Sustainable chemical recycling of low-density polyethylene into light olefins over nano-sized SSZ-13

Abstract

As the demand for sustainable resource utilization increases, chemical recycling of plastic waste is emerging as a promising solution. In this study, we aimed to enhance the yield of light olefins (ethylene, propylene, and butene) from the catalytic decomposition of low-density polyethylene (LDPE) using nano-sized SSZ-13 zeolite. SSZ-13 nanoparticles were synthesized via the dry gel conversion method to increase the surface area and catalytic activity. Compared to commercially available SSZ-13, the synthesized nano-SSZ-13 exhibited a significant improvement in decomposition activity and light olefin yield.

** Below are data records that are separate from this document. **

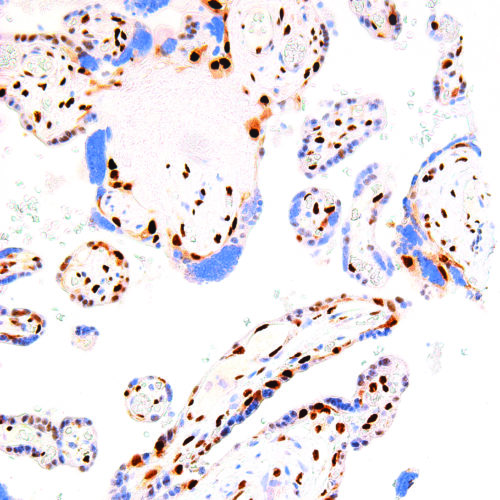 p57-Kip2-IHC057-Placenta (Rabbit)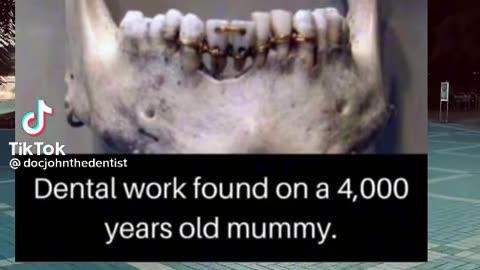 DENTAL WORK FOUND ON A 4,000 YR OLD MUMMY ~ANCIENT FIXED BRIDGE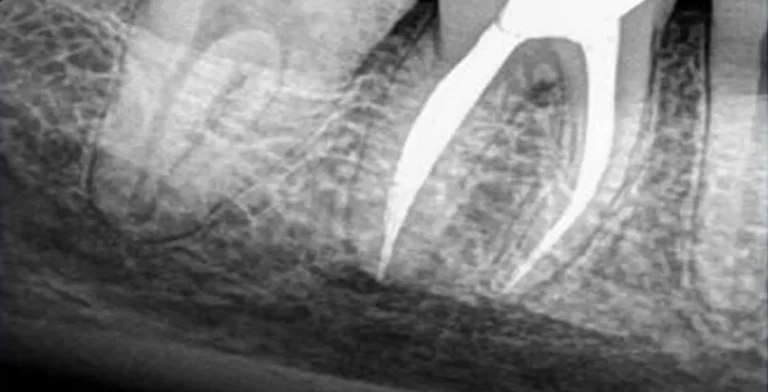 endo-ba01-after-treatment-vitrin-clinic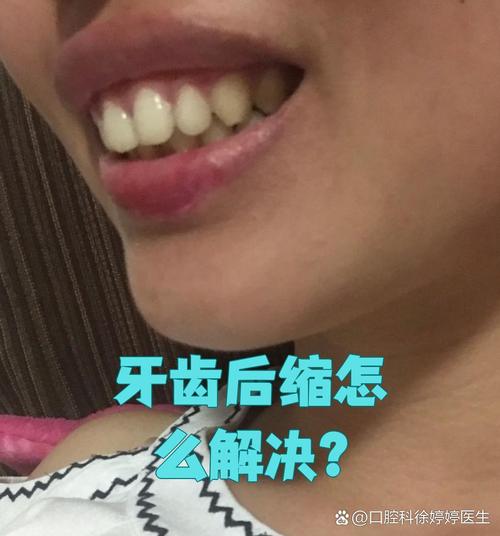 牙齿矫正中大牙后移有何作用？过程和注意事项有哪些？-图3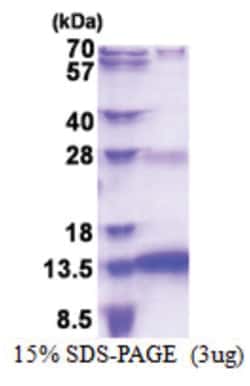 Novus Biologicals&trade;&nbsp;Recombinant Human SNURF His Protein
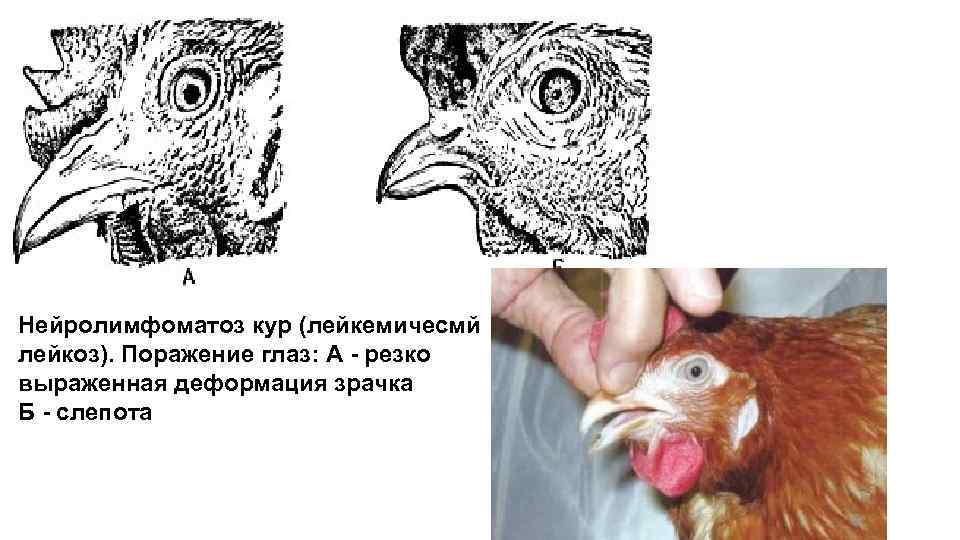 Нейролимфоматоз кур (лейкемичесмй лейкоз). Поражение глаз: А - резко выраженная деформация зрачка Б -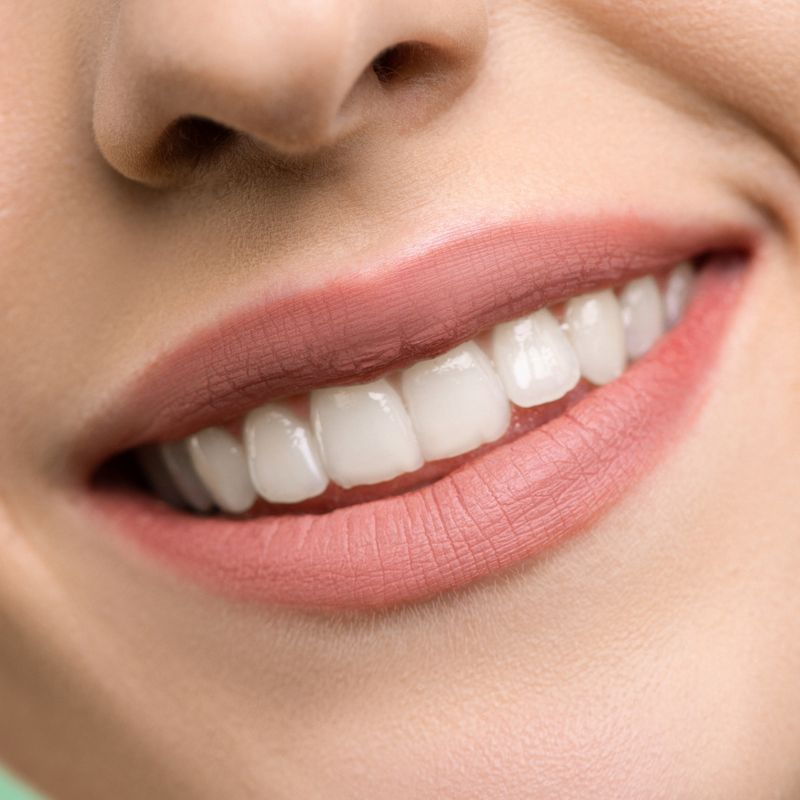 Estética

The light olefin yield over the nano-sized SSZ-13 was ca. 40%, which is higher than that over commercially available ZSM-5. Surface-specific ion exchange treatments clarified the role of Brønsted acid sites located on the external surface. The catalyst maintained high performance over three consecutive reaction cycles without regeneration, despite the reused catalyst containing coke inside micropores, indicating that the primary active sites are located on the external surface. This study proposes a novel design strategy for controlling product distribution in polyolefin catalytic cracking by tuning the particle size and surface acidity of zeolites.